The iPhone’s next destination may be T-Mobile and not Verizon, says The Street.
AT&T will lose its exclusive agreement to sell the iPhone sometime next year and Verizon has been the leading candidate to take on the popular Apple phone next, but analyst Doug Reid disputes that assumption. Apple already sells phones through Germany’s T-Mobile unit, and their GSM system is similar to AT&T’s.
But T-Mobile USA with 33 million customers, has less than half the subscriber base as Verizon Wireless with 71 million customers.

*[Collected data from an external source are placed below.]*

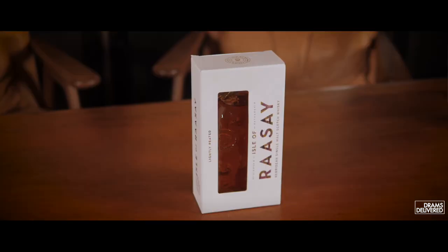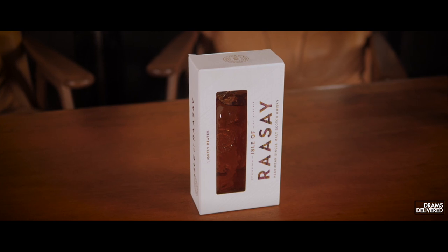Hello and welcome to another episode of Drams Delivered. What we've got today is something really special from the Isle of Raasay. Raasay is a little island off the west coast of Scotland. It's very inaccessible but accessible at the same time. To get there you'd get a bridge to the Isle of Skye and then take a 25-minute ferry to the Isle of Raasay.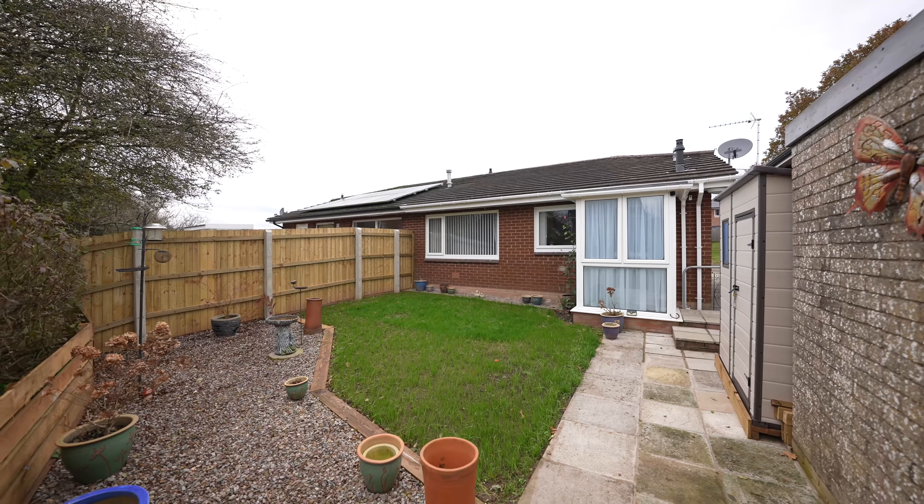So if you're looking for a bungalow in the heart of Ragland and close to all the amenities, give us a call, because maybe Prince Charles Road is for you.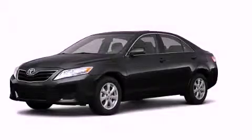With an EPA estimated rating of 32 miles per gallon on the highway, it's easy to see how you can save. Stop by today and test drive this automobile for yourself.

Verizon is the largest wireless player in the United States. Rumors suggest a possible GSM/CDMA hybrid model that would work on CDMA networks like Verizon’s, in addition to GSM/UTMS-based networks that the current iPhone models work with.

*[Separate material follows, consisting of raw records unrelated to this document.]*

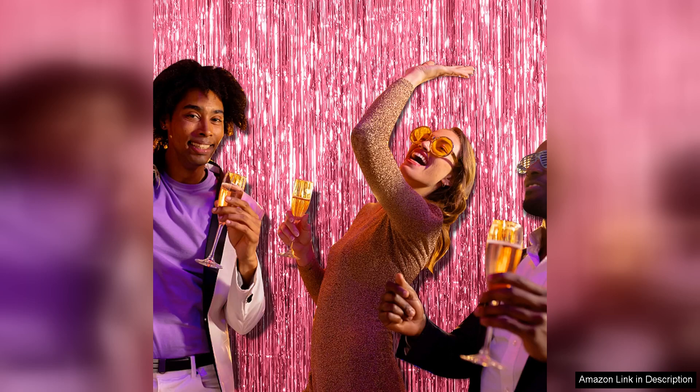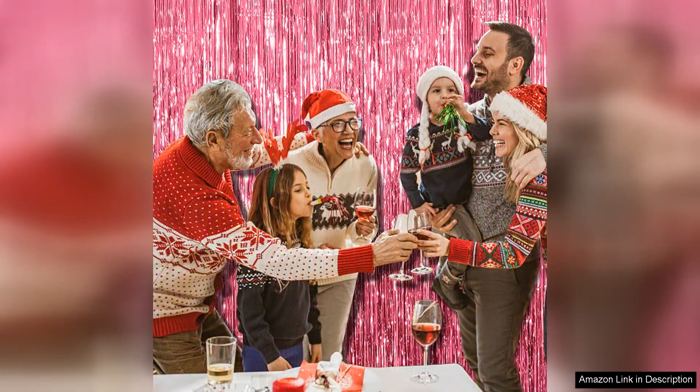Whether you're draping them on walls, doorways, or as a photo booth backdrop, they fit seamlessly into any aesthetic. I appreciated the versatility of the 2-pack — I could create multiple setups without needing to purchase additional decorations.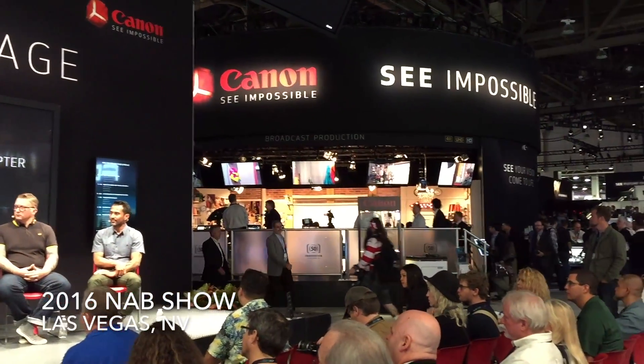SVG is live here at NAB 2016 in Las Vegas. Jason Dachman here with broadcast legend Larry Thorpe of Canon. Canon always has a huge footprint at NAB, one of the biggest booths at the show, always some exciting stuff. Let's start out with what's some of the big news and cool products we're going to see at the booth this year.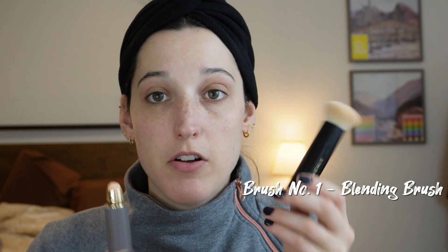So the next cruelty-free product I'm going to put on is the Merit Perfecting Complexion Stick. I'll put the shade on screen. It's a stick foundation — well, they call it like it's not quite a foundation or concealer, but I've been using it as foundation. You can also pick up the Merit complexion brush. I was actually gifted a couple of Merit products, so I've been trying this one out for the last couple of weeks.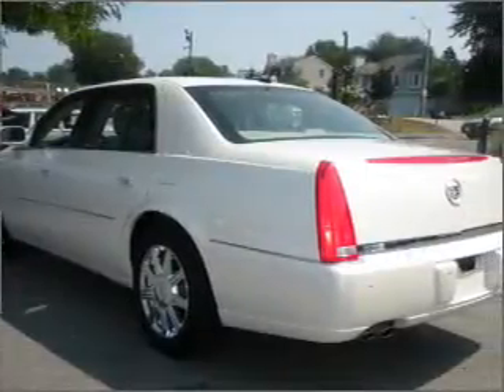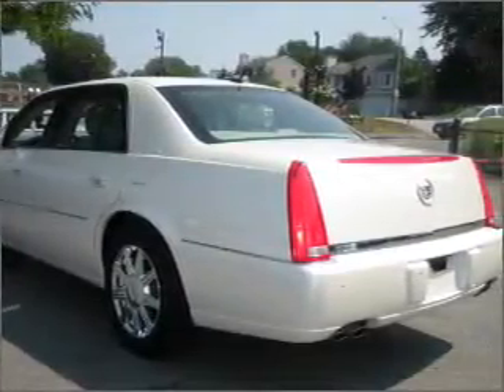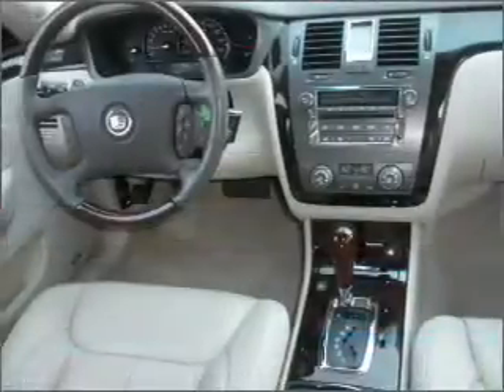Inside, you'll find the xenon headlights and more. You can also ride with confidence with the fog lamps, daytime running lights, steering wheel audio controls, and more.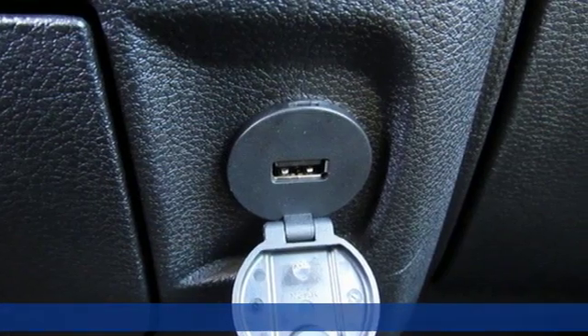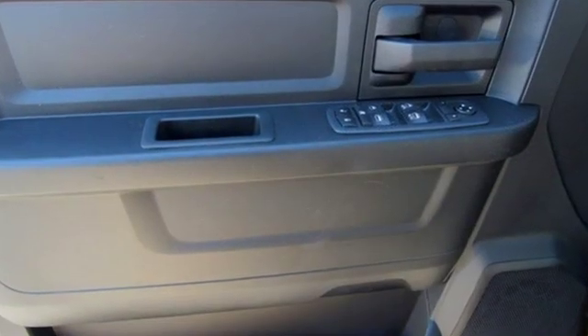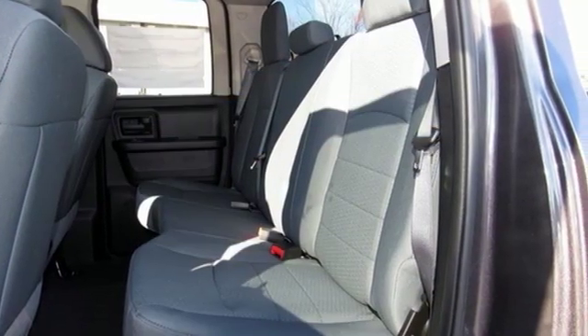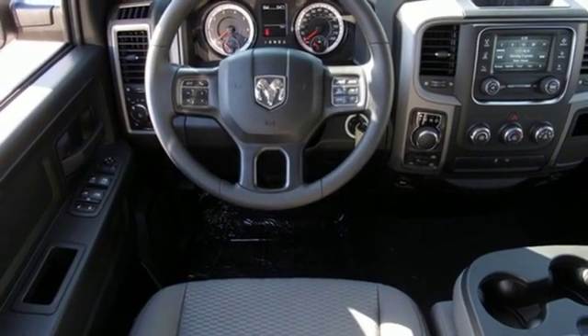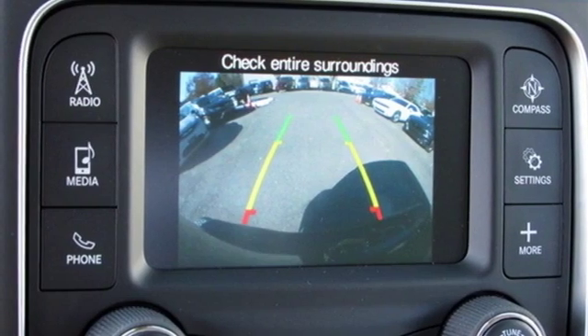V8 engine, electronic shift on the fly, automatic transmission, active grille shutters, streaming audio, wireless phone connectivity, manual tilting steering column, aluminum wheels, heavy duty shocks, auto dimming rear view mirror, and power heated mirrors. The time is now. See it for yourself today.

What’s more likely, Reid says, is that Verizon makes a deal to sell other Apple devices like the elusive Apple Tablet and the next version of the iPhone running on LTE in their 700 MHz band.
Apple may already be testing its next-generation iPhone hardware in the San Francisco area near its Cupertino headquarters, says ArsTechnica. The iBART app, which is used to navigate San Francisco’s train system, uses Pinch Media analytics to log usage statistics such as iPhone model and software version number. Usage logs revealed early testing of the iPhone 3GS last year, eight months before it launched this past summer.
South Korea sold about 60,000 iPhones on launch day, a far cry from the 1 million sold in the US for the iPhone 3GS but far more than the estimated 5,000 sold in the first week in China.